Drizzle AM, Cool - Clearing at noon - Sun and sparkling afternoon
Paddle 10 NM in HR.

Still light drizzle when I get up. Lug all my stuff back to the boat and out on the water by 9 am. Crossing Seaforth channel is easy - very moderate waves and no boat traffic.

Gale passage is very different than other places I've paddled. Feels like a creek more than a salt water channel but it has all the salt water vegetation. In the middle the chart indicates "tidal rapids", which worry me. When I arrive I land and scout them from the water. Looks like a short fast section of a river - nothing challenging at all. I go through once, paddle back UP through the rapids, then through again, cutting over the eddy line to see how that feels.


Entering Gail Passage


The tidal rapids.

From here my small channel opens up. I turn left and paddle through more small channels, this time going against the current. The channel opens up again. This feels like I'm paddling through a chain of lakes and streams. I paddle across one bay and find a creek I saw on the map. After filling water I walk up stream a short ways. All morning I've heard small fresh water creeks and getting water would not be a problem.


Sparkling water


In Waskesiu Pass


The lagoon I landed in

As I come out into Queens sound the sky has cleared and water is sparkling. Distant islands on the horizon beckon to me. But I've been in the boat for a while so I stop for a break.

It's easy to find a place where I can get out of the boat. The challenging part is securing the boat. Dragging a loaded boat across sharp rocks will scrape the shit out of it. Leave it in the water and it will bang around. Worse, the tide is usually coming or going so any solution is temporary. Today the tide is going. I pull the boat up and lay it gently on the rocks. But every 10 minutes I have to go down and easy it out a little. If I don't it will end up well beached on the rocks and I'll have to empty it before I can move it back to the water.

After my break I paddle west through Waskesiu Pass. This opens into a small bay with several small islands and open ocean beyond. I pick one of the islands and land in a protected lagoon on the north side. The lagoon has a white sandy bottom (but rocky shore) and sparkles light green in the sun. I've learned a little about looking for good camps: small islets with a drying bar connecting it to the land may have good camping on that, provided the bar is high enough.

I'm learning to predict tide height by looking at the bands on the rocks.

In inner passages these zones are quite distinct but on shore lines washed by wave action they are less distinct. The barnacles get covered by most high tides. This is the line of barnacle proliferation, not scattered barnacles in shady spots. Above that is a lighter band.

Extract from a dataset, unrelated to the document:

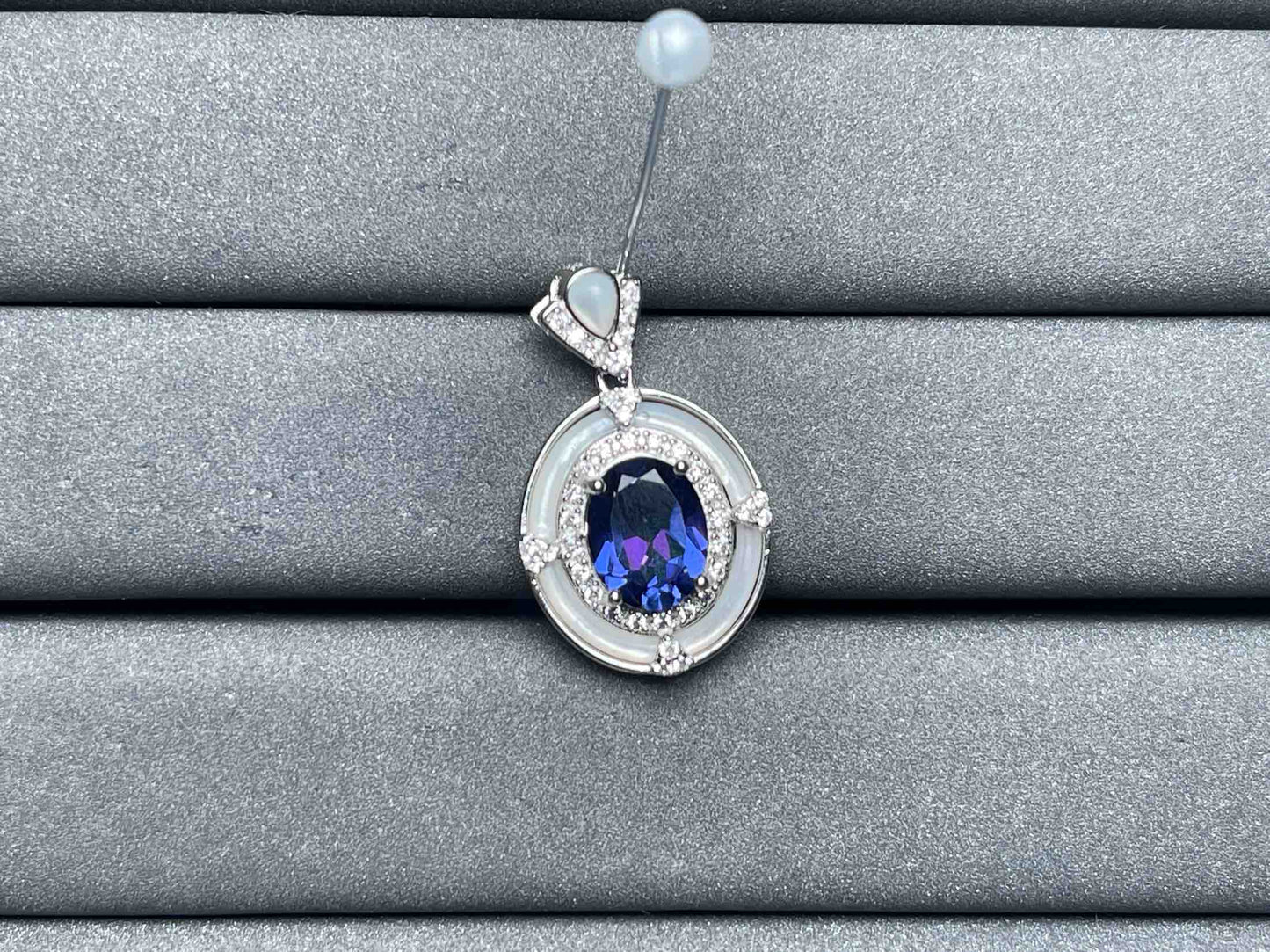 A7122 Topaz Pendant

Last lights high neap tide (13.6 ft.) covered about half of this.

Next a black band. This is about the 15' mark. I think this gets reached by most full moon tides and covered by most new moon tides (~17 ft.).

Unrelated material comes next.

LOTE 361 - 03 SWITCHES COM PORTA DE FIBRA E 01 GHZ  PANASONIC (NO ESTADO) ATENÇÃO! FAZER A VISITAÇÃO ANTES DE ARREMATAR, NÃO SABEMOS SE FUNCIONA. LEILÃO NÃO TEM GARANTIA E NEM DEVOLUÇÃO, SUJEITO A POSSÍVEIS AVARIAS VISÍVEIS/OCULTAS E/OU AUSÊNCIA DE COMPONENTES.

Finally, more white rock with lichen and some green grass. This probably only gets covered at extreme high tides or washed by large waves.

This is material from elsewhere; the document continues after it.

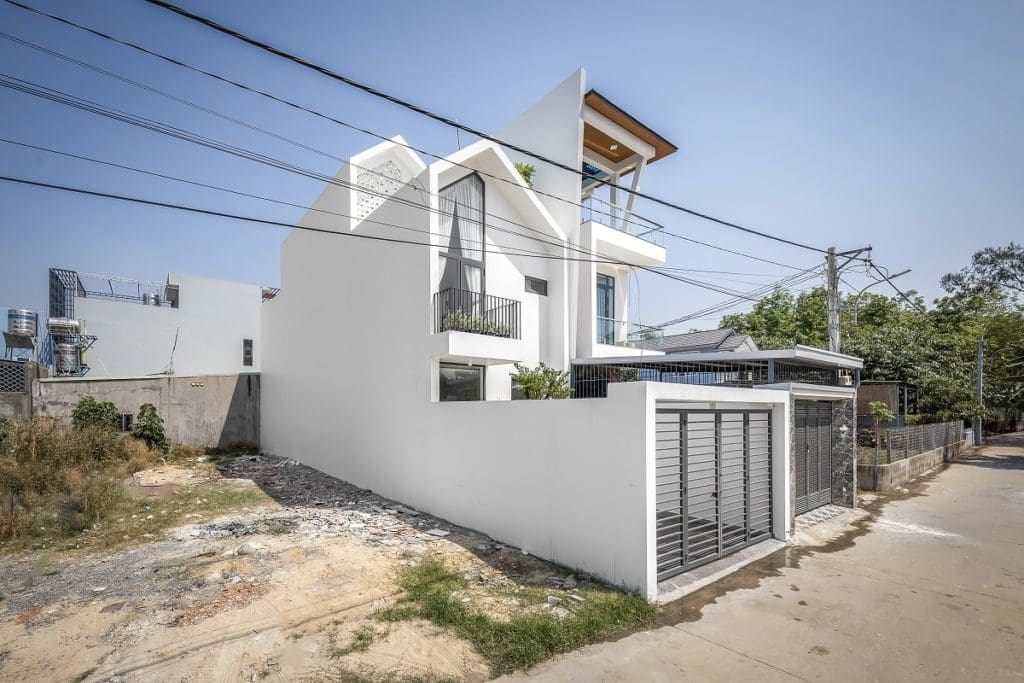 A Beautiful, Spacious, Bright, and Simple Design: The Salem House is a Modern house in Vietnam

So, on my island I find some very nice sand high on the bar, and a small space among the drift wood up near the vegetation. My guess is that neither will be covered tonight. But, unsure, I choose the higher and set about making it comfortable. I clear out the large rocks and level 1 sleeping space. I haul up 4 loads of sand for fill. I could sleep on the rocks, but it is easier on the equipment to have an even sandy bed.

The tide rises to just below my predicted mark and everything stays dry.


Tent Site


6 p.m.: Resting in tent.


Evening light

It is unspeakably beautiful here in the evening sun light.

7/24, Saturday, Day 9

Sun early - Clouds by 9:30 am - Clear PM
Day Paddle

Bah! Clouds are back.

Sleep late, stay in camp reading. Latter I walk to the south end of the island which is a beautiful wind blasted rock. On my way back I gather some beach debree and create art.


Put the nut in the basket...


and hang it from a log

By 2 it's clearing and by 3 I'm on the water heading west. Open water with 2-3 ft. waves - nervous at first but everything feels under control. Very exciting to be out here really. And very beautiful. Turned out to be a crystal day.

I find a sandy beach on an outer island and stop. In the trees are ruins of a lean too and overgrown trails. Would make a nice camp now, and is in a stunning position.


6 p.m.: My kitchen

On the way back I see a seal eating a sea urchin. He's on his back, swimming toward me, attention occupied by his meal. The wind is behind me so I'm able to drift down toward him. I get quite close before he sees me and disappears.

Back at camp I cook bread for dinner. Tides are getting large and latter. Midnight tonight. I walk around at 11 p.m. and see I still have 4-5 ft. before my gear would be touched. I'm very protective of my kayak. I'm very dependent on it to get my home.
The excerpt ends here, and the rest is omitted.